Nine men and women have been confirmed to the Supreme Court in the nearly 29 years since the Senate rejected President Ronald Reagan’s choice of Judge Robert H. Bork. Eight of them (all but the retired David H. Souter) are still serving. History, one might suppose, has moved on.
Still, the battle over the Bork nomination is the memory Republican politicians and conservative commentators and interest groups reach for to justify the decision to block any Obama Supreme Court nominee. “It started in 1987, when Senate Democrats launched an all-out assault against the nomination of Judge Robert Bork,” Sen. John Barrasso, Republican of Wyoming, said on the Senate floor earlier this month. “Democrats have been blowing up the appointment process piecemeal since they turned Judge Robert Bork’s last name into a verb back in 1987,” the columnist Jonah Goldberg wrote in National Review.
In other words, the message to Democrats is: You did it to one of ours, so now we’ll do it to one of yours. Really? To Merrick B. Garland, the chief judge of the United States Court of Appeals for the District of Columbia Circuit, who after two decades on the bench is one of the country’s most respected and experienced federal judges?
Bring it on.
Even allowing for fading memories, there is a good deal of misinformation being thrown around about what actually happened in 1987. “Senate Democrats and a few Republicans united to filibuster the nomination,” according to a recent story in the conservative Washington Examiner. Not so. It was as far from a filibuster as is possible to imagine. Despite having voted 9 to 5 to reject the nomination, the Senate Judiciary Committee sent Bork’s name to the Senate floor for an up-or-down vote, which the White House and the nominee insisted on. The vote was 58 to 42 to reject the nomination. There was never the hint of a filibuster.
What he said
The confirmation hearing itself, presided over by Joseph R. Biden Jr., then a senator and the chairman of the Judiciary Committee, lasted for a spellbinding week. The senators questioned Bork extensively about his academic writing, his speeches and his opinions for the U.S. Court of Appeals for the District of Columbia Circuit, to which President Reagan had appointed him (along with Antonin Scalia) as a justice-in-waiting. Bork answered their questions, at length. His problem wasn’t that he didn’t get a chance to explain himself. It was that a majority of the Senate, including six Republicans who voted against him, didn’t like what he said.
The Democratic opposition, supported by a broad coalition of civil rights groups, worked hard to position Bork as “out of the mainstream.” To this day, his supporters – the man himself died in 2012 – insist that the characterization was unfair. But the “mainstream” has no fixed definition in any event. It is the product of lived experience, always up for grabs as norms and expectations change. To the extent that the Supreme Court plays a role in shaping the mainstream, it is most often the role of a mirror, reflecting those developments in society and politics that are sufficiently contested to end up in litigation. (Think same-sex marriage.)
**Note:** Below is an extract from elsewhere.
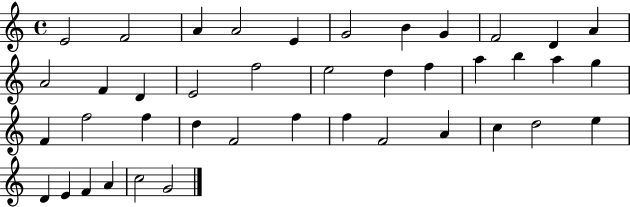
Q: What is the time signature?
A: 4/4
At its heart, the Bork battle was really a struggle over where, in the last quarter of 20th-century America, the mainstream of constitutional understanding was to be found. The confirmation process became a referendum on the constitutional status quo; as brilliantly formulated by the Bork opposition, the question was whether the public wanted to “turn back the clock” on women’s rights and the hard-won achievements of the civil rights movement. By speaking derisively about the constitutional right to privacy, the nominee played into the opposition’s strategy, which was to avoid a debate over abortion by using the less polarizing “privacy” as a stand-in. Clearly, Bork regarded Roe v. Wade as illegitimate. The campaign against him was intended to suggest that his views threatened other rights to intimate choices that people took for granted regardless of their views on abortion.
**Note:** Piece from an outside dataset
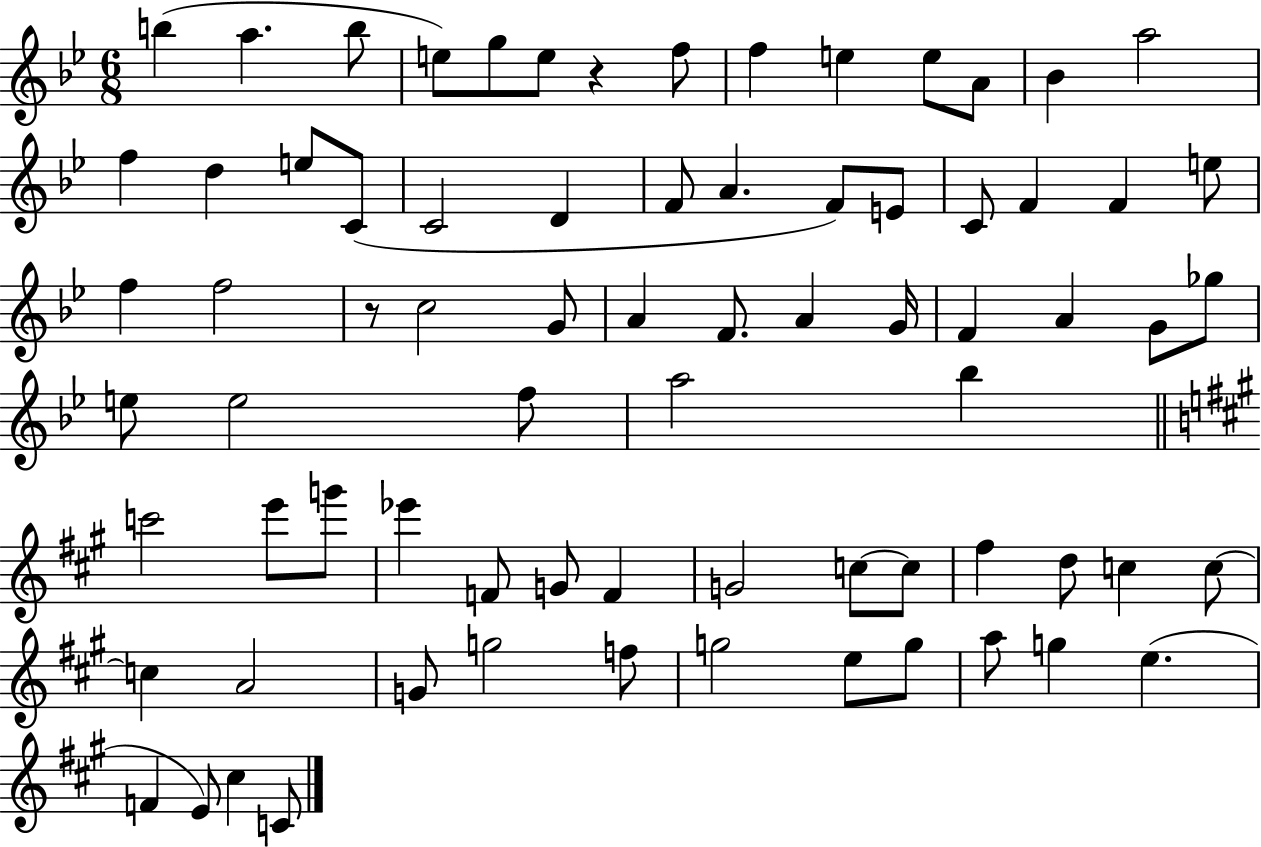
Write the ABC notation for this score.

The seat intended for Robert Bork went eventually to Anthony M. Kennedy, who was to assume his own role in helping define a new mainstream. (Think same-sex marriage again.) Now there’s a new battle over the mainstream, what we might call the confirmation-process mainstream. It began within hours of Scalia’s death last month, with Sen. Mitch McConnell’s declaration that there would be no hearing for any Obama nominee – a pledge that the Republican leader soon expanded to include no courtesy visits either: 54 closed doors. The administration pushed back: When it comes to Supreme Court nominations, that’s not how it’s ever been done. Meet with the nominee. Give the nominee a hearing. Give the nominee a vote.
The president might even say: Remember Robert Bork? Treat my nominee in the same way. Have a conversation and let the public in on it. Of course the president and his allies know that’s exactly the public conversation that the Republicans fear, because it was clear from the first moment that any Obama nominee would inhabit the constitutional mainstream much more securely than either Bork or Scalia – whose “originalist” philosophy never gained more than a toehold at the court – ever did. Now with the nomination of Garland, there is not the shadow of a doubt. The only way the Republicans can come out ahead in a public conversation about this particular nominee is by not having it. The Bork Battle all over again? Be my guest.